Füchse sind Kannibalen
Die große Waldwiese, an der wir unser Versteck haben, war einmal ein See, der verlandet ist. Diese Freifläche ist aber auch eine der wenigen in dem riesigen Waldgebiet der Johannisburger Heide. Wo der Wald aber dicht ist, gibt es für Füchse nicht all zu viel Nahrung. Kein Wunder also, dass sie sofort das Luder annahmen. Das Luder sind Innereien, eingefroren in der Gefriertruhe. Es ist aber auch einmal ein Reh, das auf der Strasse überfahren wurde. Lange steht es als Futter nicht bereit. Wir haben zugesehen, dass 40 Kolkraben das Reh innerhalb von zwei Tagen aufgefressen haben. Gewiss, auch die Füchse waren beteiligt. Als Luder liegen aber auch vor uns tote Füchse, die bei der Herbsttreibjagd so zerschossen waren, dass der Balg nicht mehr zu gebrauchen war. So liegt denn der Fuchs dort, eigentlich als ganz natürliche Beute für die Adler.
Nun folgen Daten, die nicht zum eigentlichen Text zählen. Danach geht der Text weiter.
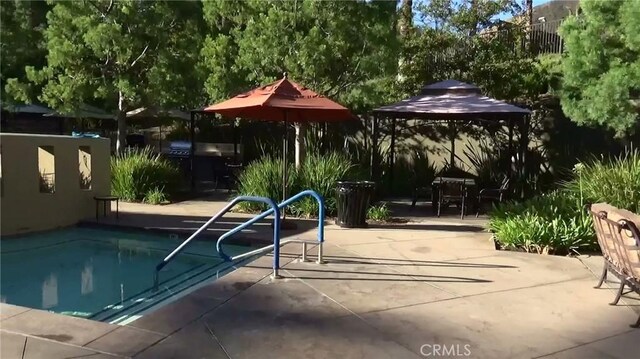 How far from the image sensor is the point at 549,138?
16.1m

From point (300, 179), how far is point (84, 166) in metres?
4.29

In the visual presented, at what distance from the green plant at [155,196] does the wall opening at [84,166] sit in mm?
1848

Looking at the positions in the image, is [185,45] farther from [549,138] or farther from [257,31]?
[549,138]

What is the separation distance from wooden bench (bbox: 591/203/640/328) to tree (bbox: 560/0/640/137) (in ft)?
19.6

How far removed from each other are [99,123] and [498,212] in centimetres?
2170

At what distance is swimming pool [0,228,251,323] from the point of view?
661cm

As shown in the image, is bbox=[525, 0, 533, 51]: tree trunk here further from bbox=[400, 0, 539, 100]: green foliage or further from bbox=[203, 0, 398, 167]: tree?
bbox=[203, 0, 398, 167]: tree

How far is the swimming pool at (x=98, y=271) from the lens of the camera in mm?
6609

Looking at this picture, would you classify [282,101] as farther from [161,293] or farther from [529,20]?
[529,20]

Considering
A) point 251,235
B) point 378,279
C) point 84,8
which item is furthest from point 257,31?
point 378,279

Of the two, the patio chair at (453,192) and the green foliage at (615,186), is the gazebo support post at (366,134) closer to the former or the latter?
the patio chair at (453,192)

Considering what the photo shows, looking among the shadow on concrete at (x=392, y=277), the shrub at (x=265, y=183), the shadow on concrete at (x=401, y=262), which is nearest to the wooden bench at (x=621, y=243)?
the shadow on concrete at (x=392, y=277)

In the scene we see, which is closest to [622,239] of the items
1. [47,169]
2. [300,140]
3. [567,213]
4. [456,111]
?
[567,213]

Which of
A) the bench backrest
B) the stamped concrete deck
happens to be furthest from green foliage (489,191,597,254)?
the bench backrest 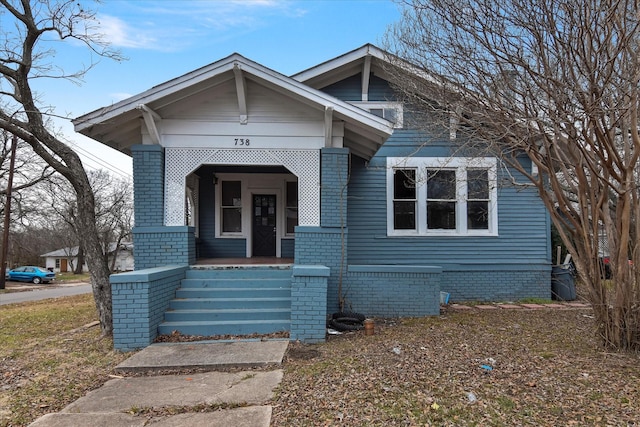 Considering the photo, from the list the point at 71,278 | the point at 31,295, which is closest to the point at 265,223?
the point at 31,295

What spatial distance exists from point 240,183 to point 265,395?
22.6ft

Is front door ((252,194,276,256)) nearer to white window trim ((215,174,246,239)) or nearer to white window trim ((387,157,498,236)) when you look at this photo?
white window trim ((215,174,246,239))

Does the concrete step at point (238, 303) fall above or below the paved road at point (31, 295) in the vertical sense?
above

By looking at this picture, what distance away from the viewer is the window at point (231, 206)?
33.4 feet

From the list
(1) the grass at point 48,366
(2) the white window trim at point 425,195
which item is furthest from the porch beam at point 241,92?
(1) the grass at point 48,366

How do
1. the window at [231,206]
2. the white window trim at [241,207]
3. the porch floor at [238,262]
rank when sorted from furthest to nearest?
the window at [231,206] → the white window trim at [241,207] → the porch floor at [238,262]

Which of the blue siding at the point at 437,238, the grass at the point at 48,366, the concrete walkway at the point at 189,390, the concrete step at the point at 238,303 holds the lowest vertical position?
the grass at the point at 48,366

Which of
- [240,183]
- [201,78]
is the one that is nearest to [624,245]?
[201,78]

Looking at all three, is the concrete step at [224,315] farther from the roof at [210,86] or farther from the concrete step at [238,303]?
the roof at [210,86]

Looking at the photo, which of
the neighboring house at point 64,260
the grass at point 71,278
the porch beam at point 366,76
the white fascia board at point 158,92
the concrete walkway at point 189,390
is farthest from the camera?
the neighboring house at point 64,260

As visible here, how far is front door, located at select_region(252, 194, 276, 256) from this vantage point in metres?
10.3

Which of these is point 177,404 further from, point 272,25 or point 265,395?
point 272,25

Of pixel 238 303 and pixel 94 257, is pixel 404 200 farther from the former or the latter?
pixel 94 257

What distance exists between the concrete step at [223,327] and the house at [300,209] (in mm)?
15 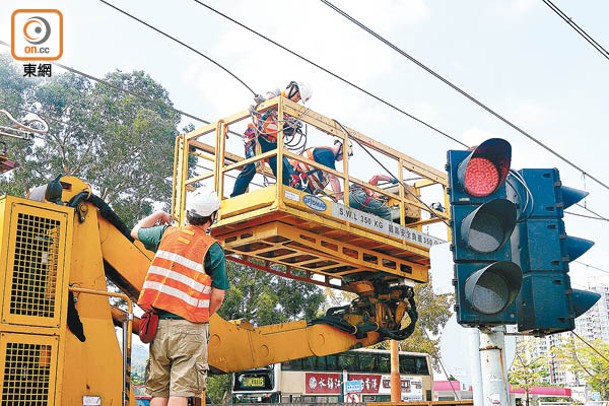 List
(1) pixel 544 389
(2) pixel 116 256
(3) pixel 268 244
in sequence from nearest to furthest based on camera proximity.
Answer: (2) pixel 116 256, (3) pixel 268 244, (1) pixel 544 389

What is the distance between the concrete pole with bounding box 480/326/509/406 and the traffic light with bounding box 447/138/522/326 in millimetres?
178

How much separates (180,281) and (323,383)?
19.6 meters

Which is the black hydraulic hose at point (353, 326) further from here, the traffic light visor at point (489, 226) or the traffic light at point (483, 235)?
the traffic light visor at point (489, 226)

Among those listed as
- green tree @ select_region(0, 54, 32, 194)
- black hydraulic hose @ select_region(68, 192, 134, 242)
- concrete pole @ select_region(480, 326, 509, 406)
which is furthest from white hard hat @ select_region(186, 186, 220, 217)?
green tree @ select_region(0, 54, 32, 194)

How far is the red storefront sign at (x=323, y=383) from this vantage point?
22641 mm

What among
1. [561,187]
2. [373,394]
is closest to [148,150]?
[373,394]

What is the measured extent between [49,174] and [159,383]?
2256 cm

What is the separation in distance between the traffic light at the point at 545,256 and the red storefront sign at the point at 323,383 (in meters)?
18.4

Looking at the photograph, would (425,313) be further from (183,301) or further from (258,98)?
(183,301)

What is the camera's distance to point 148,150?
87.2 feet

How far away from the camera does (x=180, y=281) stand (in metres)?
4.39

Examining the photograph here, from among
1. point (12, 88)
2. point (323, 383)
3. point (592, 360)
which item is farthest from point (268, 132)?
point (592, 360)

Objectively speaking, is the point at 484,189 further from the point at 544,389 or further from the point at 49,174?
the point at 544,389

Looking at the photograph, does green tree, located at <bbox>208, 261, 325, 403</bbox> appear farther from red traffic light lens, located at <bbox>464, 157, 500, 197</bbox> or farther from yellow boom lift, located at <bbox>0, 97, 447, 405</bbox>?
red traffic light lens, located at <bbox>464, 157, 500, 197</bbox> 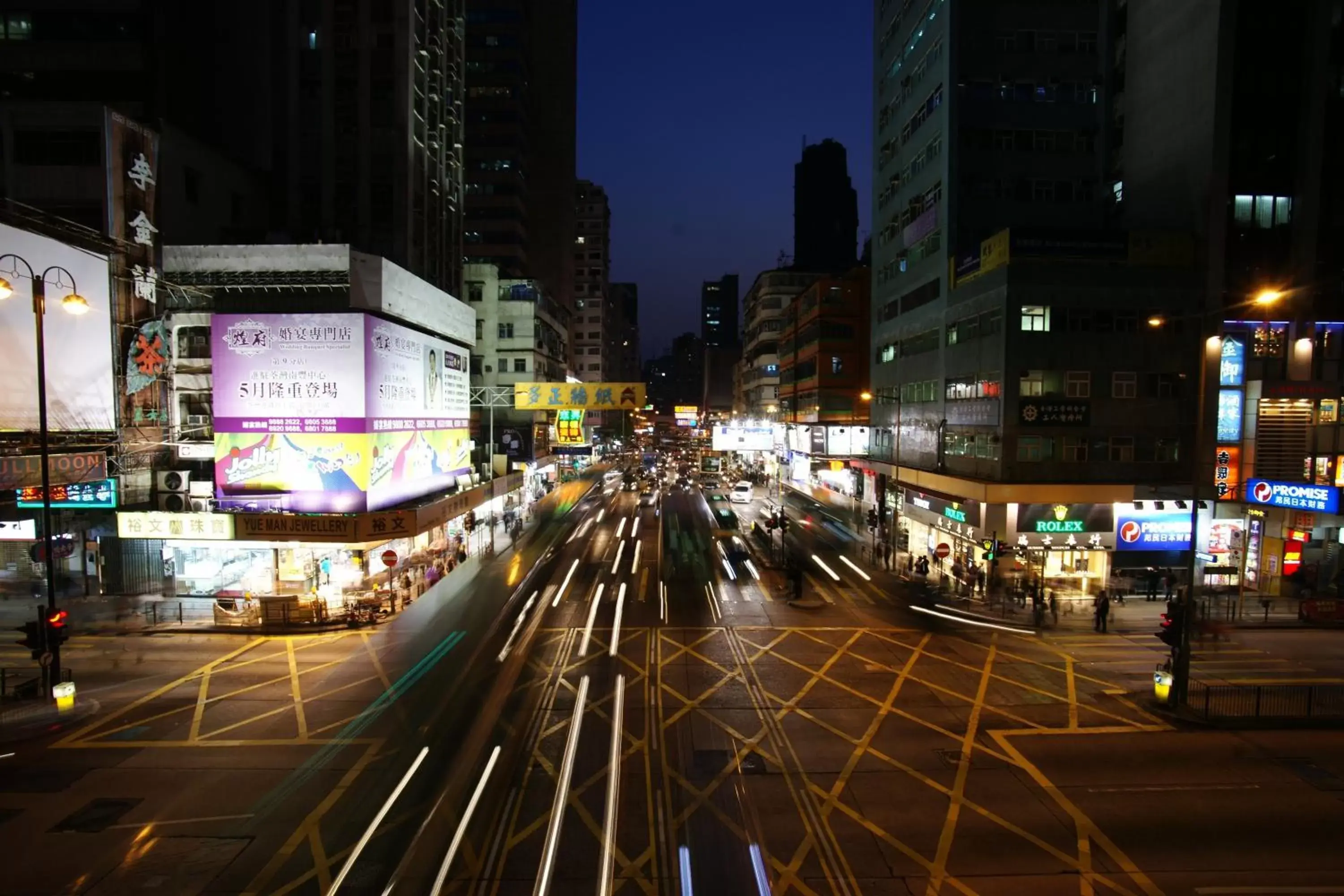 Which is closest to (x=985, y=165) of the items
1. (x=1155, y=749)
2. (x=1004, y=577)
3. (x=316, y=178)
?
(x=1004, y=577)

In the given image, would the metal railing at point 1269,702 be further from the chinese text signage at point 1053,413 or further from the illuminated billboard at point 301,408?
the illuminated billboard at point 301,408

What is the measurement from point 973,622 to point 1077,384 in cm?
1200

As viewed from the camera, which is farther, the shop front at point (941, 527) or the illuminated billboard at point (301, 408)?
the shop front at point (941, 527)

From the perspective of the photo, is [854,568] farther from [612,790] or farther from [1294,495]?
[612,790]

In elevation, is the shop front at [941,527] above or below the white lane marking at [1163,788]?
above

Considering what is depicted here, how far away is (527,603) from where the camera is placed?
91.3 feet

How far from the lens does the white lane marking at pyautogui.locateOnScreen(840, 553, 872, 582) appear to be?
110 ft

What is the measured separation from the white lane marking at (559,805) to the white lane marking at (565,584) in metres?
10.5

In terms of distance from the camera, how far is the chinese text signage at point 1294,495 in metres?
27.1

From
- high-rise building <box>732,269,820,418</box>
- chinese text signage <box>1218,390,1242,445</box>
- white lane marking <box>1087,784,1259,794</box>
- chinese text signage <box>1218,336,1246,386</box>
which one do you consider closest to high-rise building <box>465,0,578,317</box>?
high-rise building <box>732,269,820,418</box>

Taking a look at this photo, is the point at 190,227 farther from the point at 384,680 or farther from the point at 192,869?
the point at 192,869

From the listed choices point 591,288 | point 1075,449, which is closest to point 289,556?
point 1075,449

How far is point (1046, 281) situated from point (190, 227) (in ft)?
125

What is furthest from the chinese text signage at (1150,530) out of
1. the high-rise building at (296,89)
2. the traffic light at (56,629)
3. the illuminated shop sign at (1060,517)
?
the traffic light at (56,629) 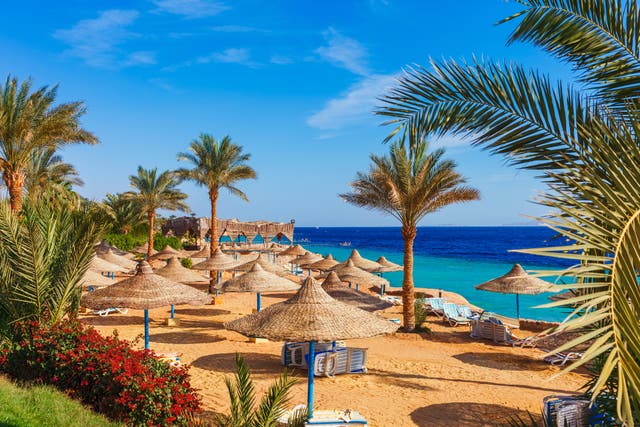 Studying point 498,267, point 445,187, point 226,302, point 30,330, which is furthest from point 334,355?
A: point 498,267

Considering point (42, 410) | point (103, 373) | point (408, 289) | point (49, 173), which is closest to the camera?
point (42, 410)

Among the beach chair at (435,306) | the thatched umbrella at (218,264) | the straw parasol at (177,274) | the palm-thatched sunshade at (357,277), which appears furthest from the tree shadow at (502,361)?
the thatched umbrella at (218,264)

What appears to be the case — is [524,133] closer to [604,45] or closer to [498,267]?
[604,45]

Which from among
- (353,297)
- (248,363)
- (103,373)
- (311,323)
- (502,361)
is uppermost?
(311,323)

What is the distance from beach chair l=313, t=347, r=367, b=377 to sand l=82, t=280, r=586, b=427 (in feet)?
0.55

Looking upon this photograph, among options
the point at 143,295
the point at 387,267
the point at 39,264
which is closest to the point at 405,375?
the point at 143,295

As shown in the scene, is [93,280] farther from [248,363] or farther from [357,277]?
[357,277]

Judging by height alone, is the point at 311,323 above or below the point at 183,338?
above

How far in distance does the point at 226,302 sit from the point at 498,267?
153 feet

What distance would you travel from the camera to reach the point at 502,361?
12.7m

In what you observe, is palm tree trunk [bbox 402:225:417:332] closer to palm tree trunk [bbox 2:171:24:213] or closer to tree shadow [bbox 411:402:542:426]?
tree shadow [bbox 411:402:542:426]

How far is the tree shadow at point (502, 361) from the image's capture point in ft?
39.6

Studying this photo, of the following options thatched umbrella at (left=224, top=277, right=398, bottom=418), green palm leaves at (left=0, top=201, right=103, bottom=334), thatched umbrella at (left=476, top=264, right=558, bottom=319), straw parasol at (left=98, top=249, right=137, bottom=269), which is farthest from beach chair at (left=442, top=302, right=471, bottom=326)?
straw parasol at (left=98, top=249, right=137, bottom=269)

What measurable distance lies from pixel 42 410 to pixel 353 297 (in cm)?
884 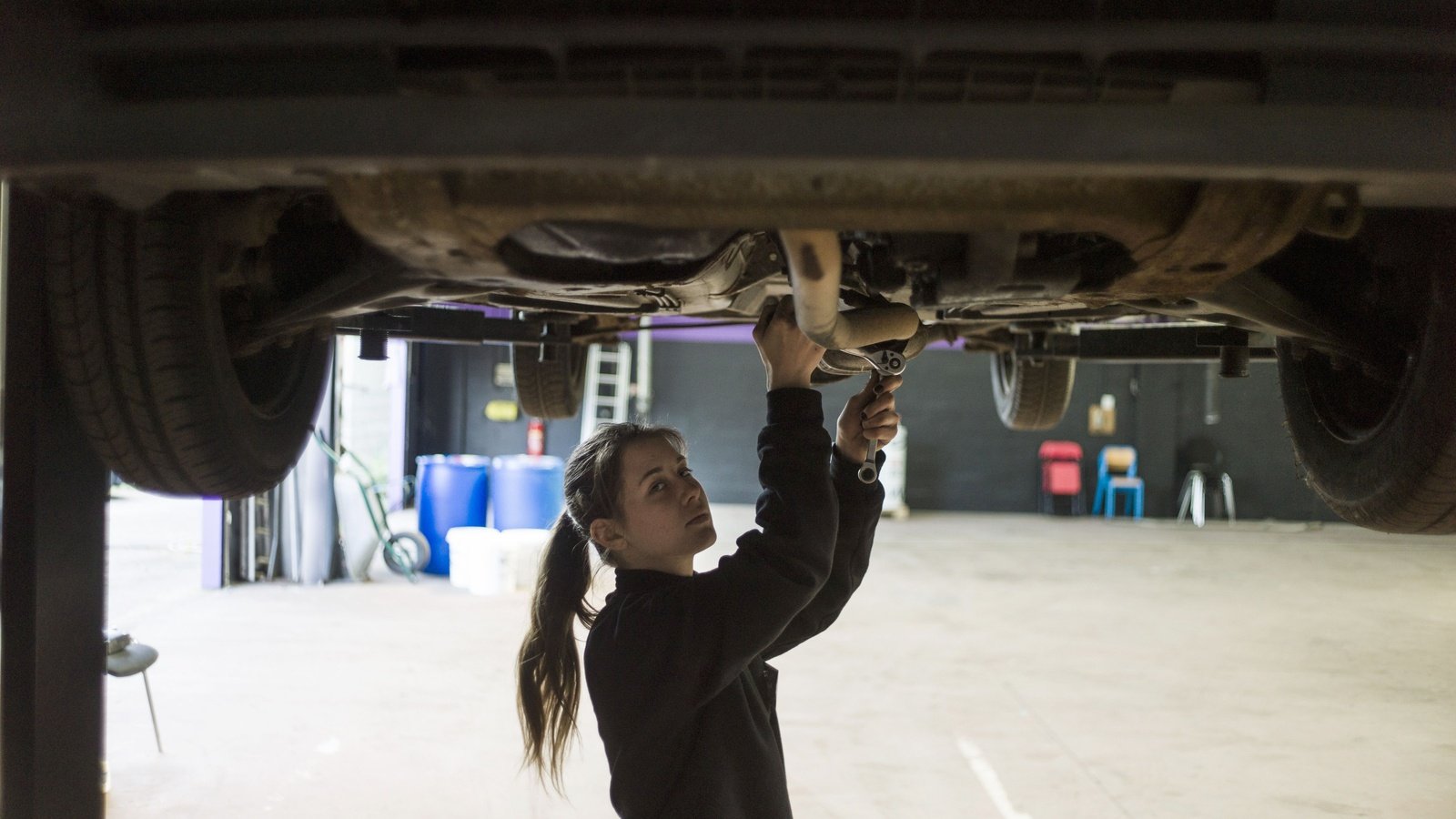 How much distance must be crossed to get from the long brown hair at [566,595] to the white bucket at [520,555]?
3.97 m

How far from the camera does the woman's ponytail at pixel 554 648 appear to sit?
1663mm

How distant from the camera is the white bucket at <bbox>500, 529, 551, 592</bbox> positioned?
224 inches

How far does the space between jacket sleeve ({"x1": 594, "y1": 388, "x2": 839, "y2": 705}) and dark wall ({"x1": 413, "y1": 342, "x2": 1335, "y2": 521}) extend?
9125mm

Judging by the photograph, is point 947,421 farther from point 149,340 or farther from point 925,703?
point 149,340

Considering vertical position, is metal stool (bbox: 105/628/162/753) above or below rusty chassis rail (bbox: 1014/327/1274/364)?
below

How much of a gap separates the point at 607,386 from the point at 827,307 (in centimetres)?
966

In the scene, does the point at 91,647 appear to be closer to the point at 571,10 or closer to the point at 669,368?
the point at 571,10

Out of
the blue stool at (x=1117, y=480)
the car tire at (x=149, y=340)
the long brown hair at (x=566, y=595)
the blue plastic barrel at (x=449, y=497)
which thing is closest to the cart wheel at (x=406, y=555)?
the blue plastic barrel at (x=449, y=497)

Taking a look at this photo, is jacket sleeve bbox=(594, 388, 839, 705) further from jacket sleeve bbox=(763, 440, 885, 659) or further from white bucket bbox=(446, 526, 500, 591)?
white bucket bbox=(446, 526, 500, 591)

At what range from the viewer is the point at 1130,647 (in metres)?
4.62

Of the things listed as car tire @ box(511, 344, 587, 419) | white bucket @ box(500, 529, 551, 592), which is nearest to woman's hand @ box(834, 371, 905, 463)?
car tire @ box(511, 344, 587, 419)

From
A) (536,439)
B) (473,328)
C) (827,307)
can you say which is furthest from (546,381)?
(536,439)

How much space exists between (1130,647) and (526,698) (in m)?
3.75

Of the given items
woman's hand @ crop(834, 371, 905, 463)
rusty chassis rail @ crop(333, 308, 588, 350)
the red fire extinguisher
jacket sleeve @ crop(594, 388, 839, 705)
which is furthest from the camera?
the red fire extinguisher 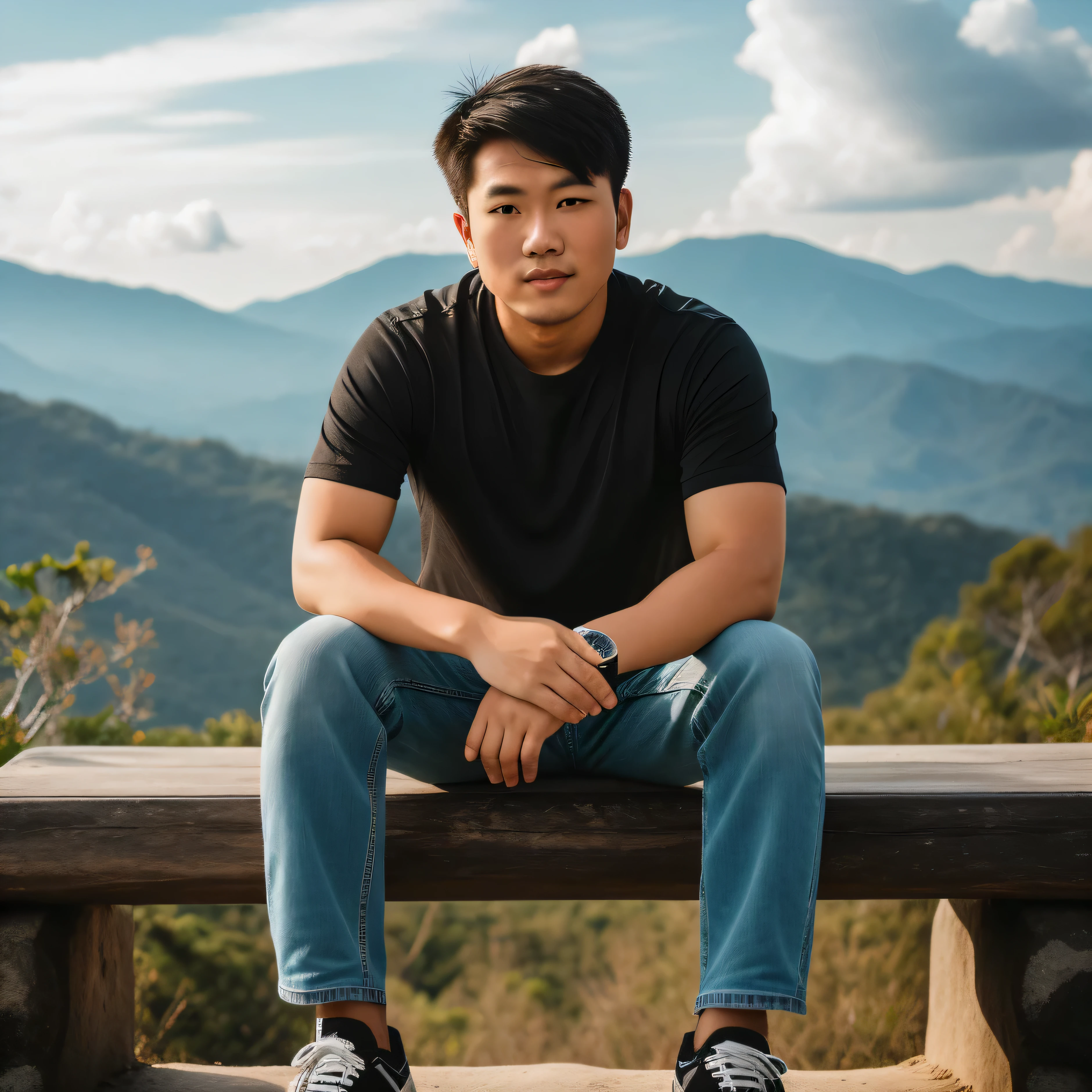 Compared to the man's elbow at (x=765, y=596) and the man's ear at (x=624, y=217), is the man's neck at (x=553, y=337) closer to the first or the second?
the man's ear at (x=624, y=217)

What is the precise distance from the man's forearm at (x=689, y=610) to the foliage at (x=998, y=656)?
3779 mm

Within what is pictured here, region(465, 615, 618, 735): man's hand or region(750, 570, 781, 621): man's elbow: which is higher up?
region(750, 570, 781, 621): man's elbow

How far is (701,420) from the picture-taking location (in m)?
1.45

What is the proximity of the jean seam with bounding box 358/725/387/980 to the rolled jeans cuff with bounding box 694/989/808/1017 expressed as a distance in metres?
0.38

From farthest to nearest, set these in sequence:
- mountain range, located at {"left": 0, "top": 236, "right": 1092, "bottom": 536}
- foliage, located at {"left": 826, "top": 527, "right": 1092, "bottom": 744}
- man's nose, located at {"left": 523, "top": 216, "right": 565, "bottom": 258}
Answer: mountain range, located at {"left": 0, "top": 236, "right": 1092, "bottom": 536}
foliage, located at {"left": 826, "top": 527, "right": 1092, "bottom": 744}
man's nose, located at {"left": 523, "top": 216, "right": 565, "bottom": 258}

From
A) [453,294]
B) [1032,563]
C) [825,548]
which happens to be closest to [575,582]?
[453,294]

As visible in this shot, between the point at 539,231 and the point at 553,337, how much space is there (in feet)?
0.53

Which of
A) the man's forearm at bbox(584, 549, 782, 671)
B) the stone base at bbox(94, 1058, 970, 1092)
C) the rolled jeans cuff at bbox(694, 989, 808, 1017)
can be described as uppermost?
the man's forearm at bbox(584, 549, 782, 671)

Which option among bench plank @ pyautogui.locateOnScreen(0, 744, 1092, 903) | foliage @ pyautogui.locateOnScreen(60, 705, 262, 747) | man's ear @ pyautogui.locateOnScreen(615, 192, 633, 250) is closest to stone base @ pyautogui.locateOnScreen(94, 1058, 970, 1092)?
bench plank @ pyautogui.locateOnScreen(0, 744, 1092, 903)

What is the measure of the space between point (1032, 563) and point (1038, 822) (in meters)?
5.06

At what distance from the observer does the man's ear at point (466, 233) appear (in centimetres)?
156

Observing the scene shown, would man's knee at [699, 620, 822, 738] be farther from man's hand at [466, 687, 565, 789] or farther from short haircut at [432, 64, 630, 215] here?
short haircut at [432, 64, 630, 215]

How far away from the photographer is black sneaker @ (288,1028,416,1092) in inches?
43.8

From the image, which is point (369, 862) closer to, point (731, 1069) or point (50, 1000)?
point (731, 1069) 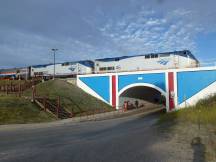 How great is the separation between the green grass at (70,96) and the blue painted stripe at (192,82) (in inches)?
451

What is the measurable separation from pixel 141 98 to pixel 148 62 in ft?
30.7

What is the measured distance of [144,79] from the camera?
42.3 m

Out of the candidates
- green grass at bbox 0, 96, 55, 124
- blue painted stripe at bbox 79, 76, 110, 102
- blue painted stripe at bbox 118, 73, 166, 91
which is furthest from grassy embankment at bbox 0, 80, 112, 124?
blue painted stripe at bbox 118, 73, 166, 91

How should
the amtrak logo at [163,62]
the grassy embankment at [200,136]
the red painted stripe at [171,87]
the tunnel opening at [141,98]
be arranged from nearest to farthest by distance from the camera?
1. the grassy embankment at [200,136]
2. the red painted stripe at [171,87]
3. the amtrak logo at [163,62]
4. the tunnel opening at [141,98]

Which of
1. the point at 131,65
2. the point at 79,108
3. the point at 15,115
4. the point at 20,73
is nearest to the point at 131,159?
the point at 15,115

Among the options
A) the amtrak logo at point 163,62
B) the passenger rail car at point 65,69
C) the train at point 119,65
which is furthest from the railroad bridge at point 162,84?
the passenger rail car at point 65,69

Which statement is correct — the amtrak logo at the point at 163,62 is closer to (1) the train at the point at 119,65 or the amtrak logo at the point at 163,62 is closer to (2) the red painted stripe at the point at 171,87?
(1) the train at the point at 119,65

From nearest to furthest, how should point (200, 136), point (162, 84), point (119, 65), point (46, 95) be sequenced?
1. point (200, 136)
2. point (46, 95)
3. point (162, 84)
4. point (119, 65)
Wie aber habe ich gestaunt, dass unsere hungrigren Füchse diese toten Füchse angeschnitten haben und mit beteiligt waren, sie zu fressen. Wie muss Hunger weh tun. Da steht dann der Fuchs vor seinem toten Vetter und keckert und faucht die Kolkraben an, weil er, der Fuchs, den Fuchs fressen will und ihn den Raben nicht gönnt. So ergibt sich auch die einmalig stimmungsvolle Szene, dass der Fuchs vorm Fuchs steht und Schneewirbel diesem einmaligen Motiv die rechte Stimmung geben. Wolken haben den Himmel verdüstert, und Schneewirbel nach Schneewirbel wirbelt über das Bild.

Dann aber passiert etwas Unglaubliches. Der Fuchs leckt unter der Lunte am toten Fuchs. Dann aber beisst er zu. Er drückt und drückt und drückt seinen Kiefer nach oben. Es knack, und die Lunte, also der Schwanz, ist ab. Er aber packt diesen Fuchsschwanz, an dem doch nichts Essbares ist, er trägt diese Lunte quer im Fang und kommt auf uns zu geschnürt. Eine schier unglaubliche Szene: der Fuchs apportiert den Fuchsschwanz und schnürt auf mich zu, an mir vorbei und verschwindet im Wald hinter mir, wohl um seine Beute heim zu tragen in seinen Bau. Niemand, dem ich dieses Bild zeigte, findet eine Erklärung für das Phänomen der apportierten Lunte.